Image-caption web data
········

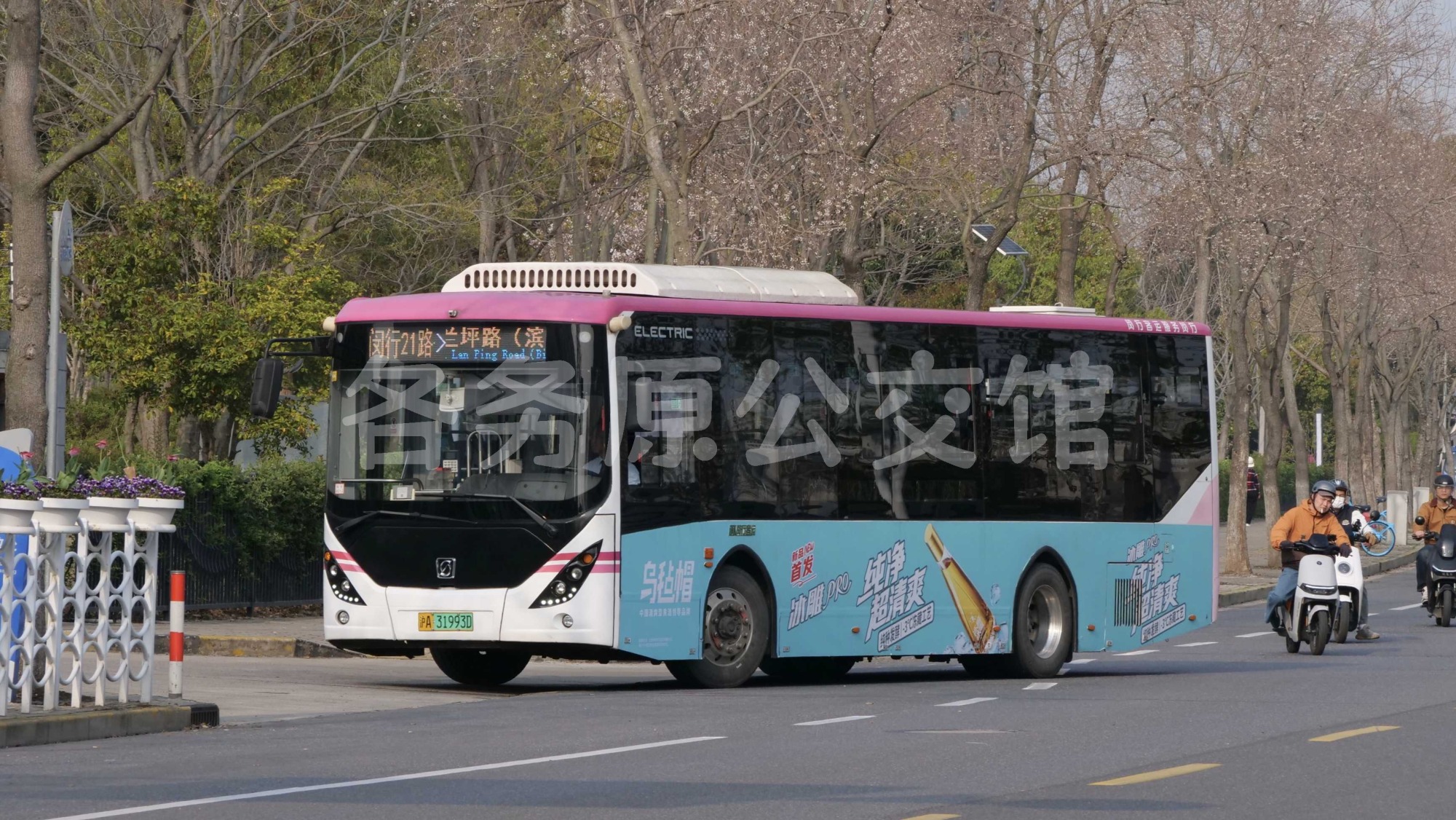 未命名图片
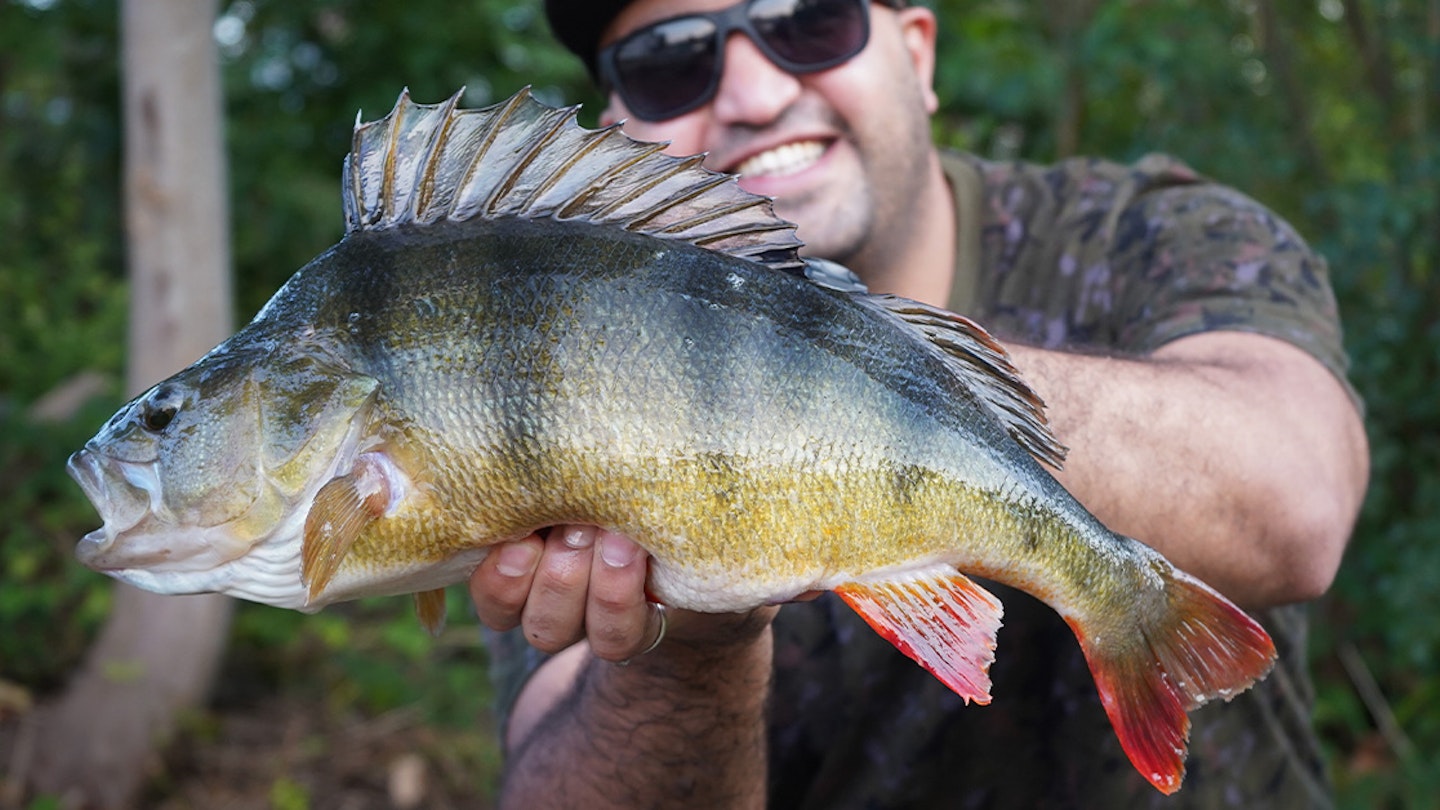 Huge Thames perch smashes PB out the water! – Omar Sriti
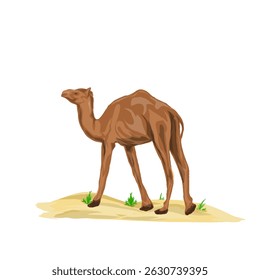 um camelo no deserto sem um fundo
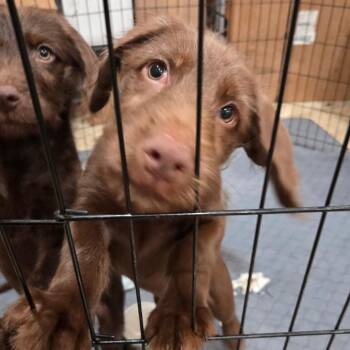 Kenny -  German Wirehaired Pointer and Mixed Breed Dog for Adoption in Abbotsford, British Columbia - Kenny | PetCurious
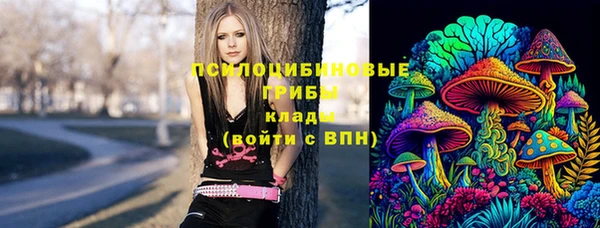 гидропоника Алзамай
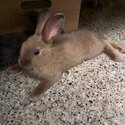 Rabbit for adoption-1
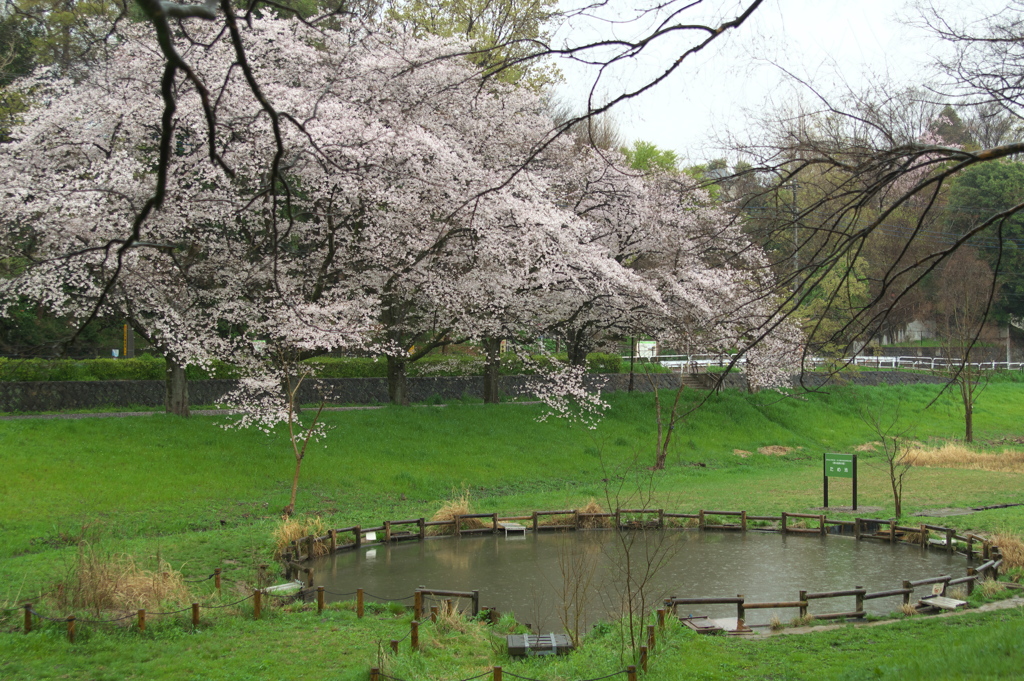 桜とため池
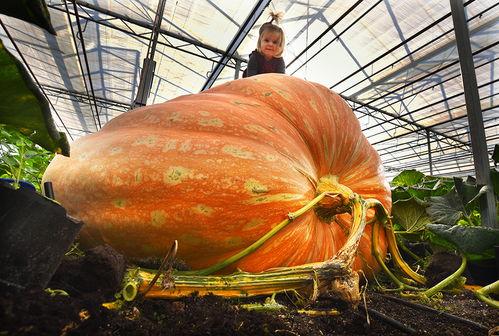 st吃瓜,st吃瓜事件背后的真相与内幕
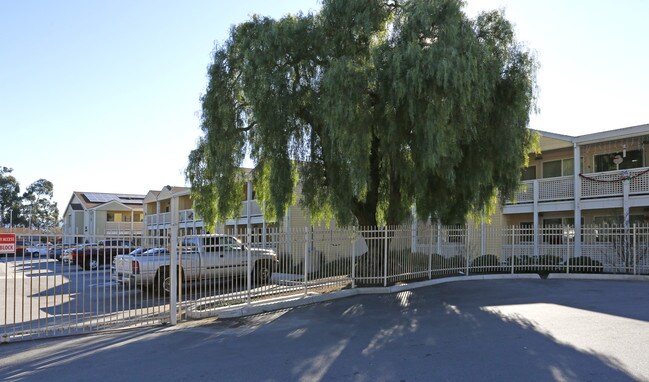 Sherwood Village in Salinas, CA - Building Photo - Building Photo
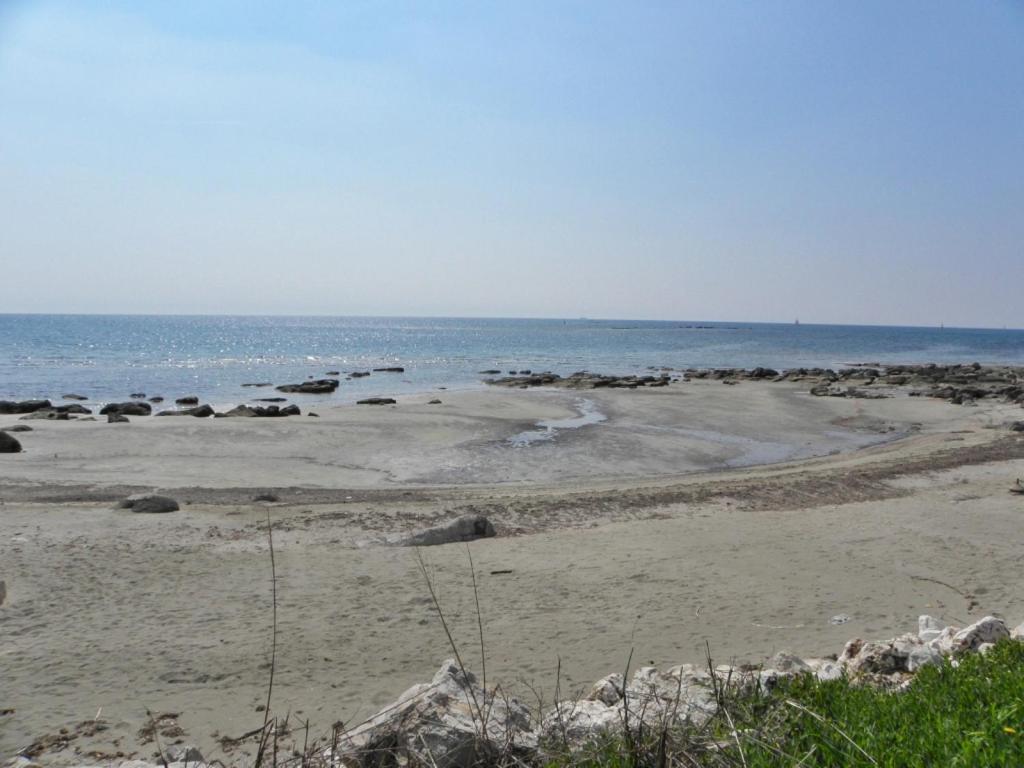 Apartments Paolo In Zambratija At The Sandy Beach المظهر الخارجي الصورة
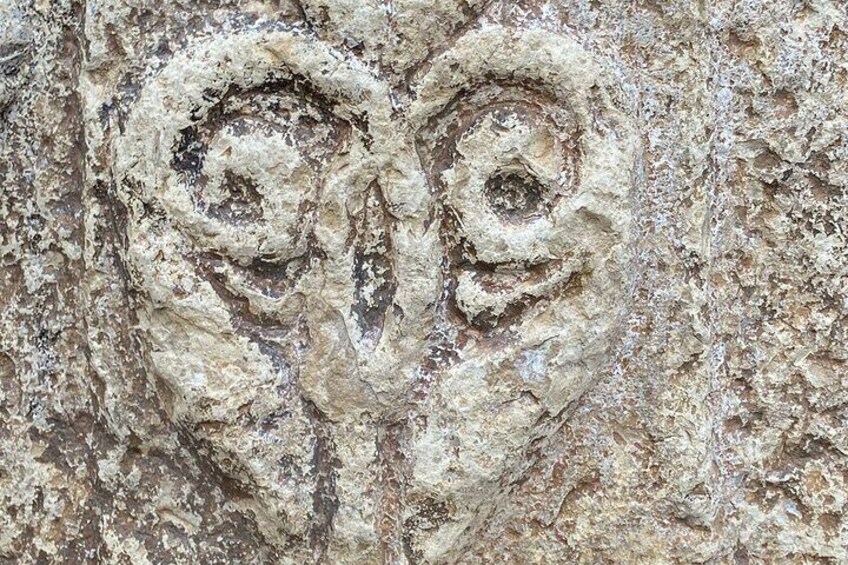 A close-up of a tree bark with two spiral patterns. 4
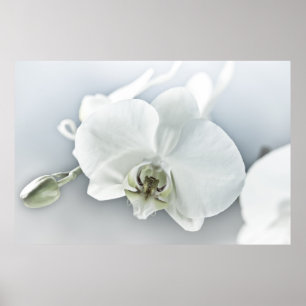 Elegant White Orchid Botanical Art Poster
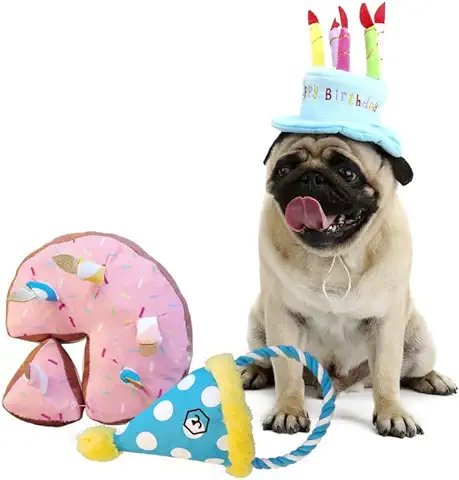 Patasbox - Modelo Cumpleaños - Pack de Juguetes para Perros - Mordedor de Tarta de Cumpleaños y Gorro de Fiesta - Fabricado con Poliéster - Tecnología Silvershield - Repele los Malos Olores  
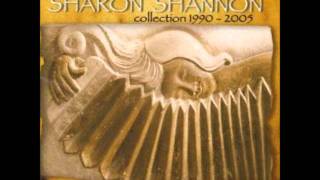 sharon shannon the 3 headed monster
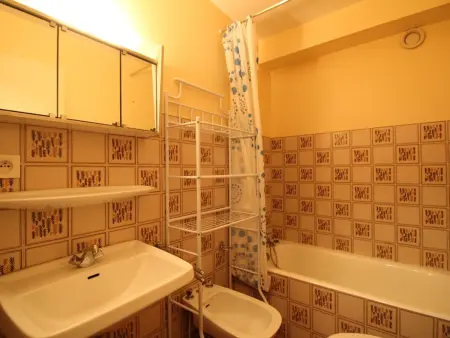 Studio 30 m² 4 pers aux Carroz, piste débutants : photo 3
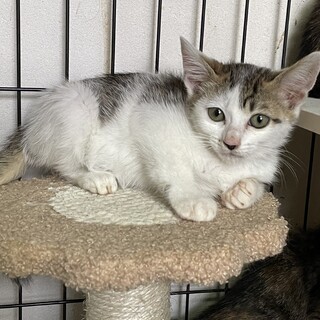 おとなしく控えめな♡なずなちゃん2ヶ月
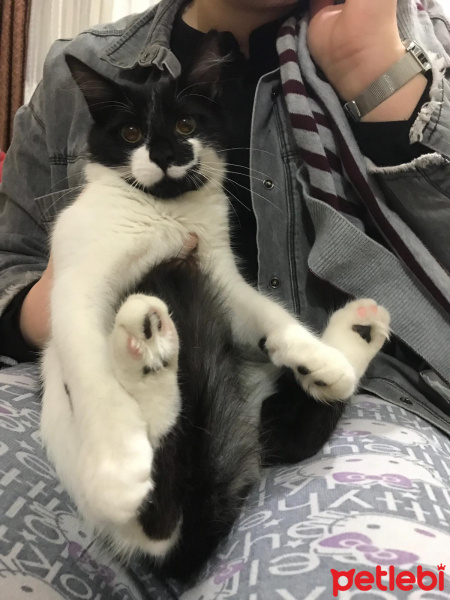 Tekir Kedi, Kedi  Oskar fotoğrafı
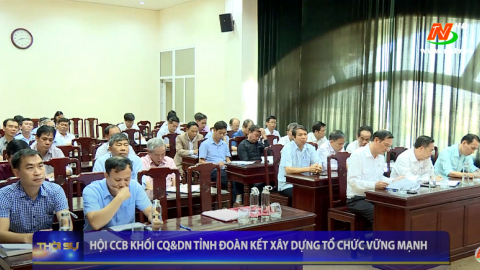 Hội CCB khối CQ&DN tỉnh đo&agrave;n kết x&acirc;y dựng tổ chức vững mạnh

········

WORK TO BE COMPLETED —
Whatever the records hold apart from pictures should be repeated exactly.

SOLUTION FOR THIS PROBLEM —
 未命名图片
 Huge Thames perch smashes PB out the water! – Omar Sriti
 um camelo no deserto sem um fundo
 Kenny -  German Wirehaired Pointer and Mixed Breed Dog for Adoption in Abbotsford, British Columbia - Kenny | PetCurious
 гидропоника Алзамай
 Rabbit for adoption-1
 桜とため池
 st吃瓜,st吃瓜事件背后的真相与内幕
 Sherwood Village in Salinas, CA - Building Photo - Building Photo
 Apartments Paolo In Zambratija At The Sandy Beach المظهر الخارجي الصورة
 A close-up of a tree bark with two spiral patterns. 4
 Elegant White Orchid Botanical Art Poster
 Patasbox - Modelo Cumpleaños - Pack de Juguetes para Perros - Mordedor de Tarta de Cumpleaños y Gorro de Fiesta - Fabricado con Poliéster - Tecnología Silvershield - Repele los Malos Olores  
 sharon shannon the 3 headed monster
 Studio 30 m² 4 pers aux Carroz, piste débutants : photo 3
 おとなしく控えめな♡なずなちゃん2ヶ月
 Tekir Kedi, Kedi  Oskar fotoğrafı
 Hội CCB khối CQ&DN tỉnh đo&agrave;n kết x&acirc;y dựng tổ chức vững mạnh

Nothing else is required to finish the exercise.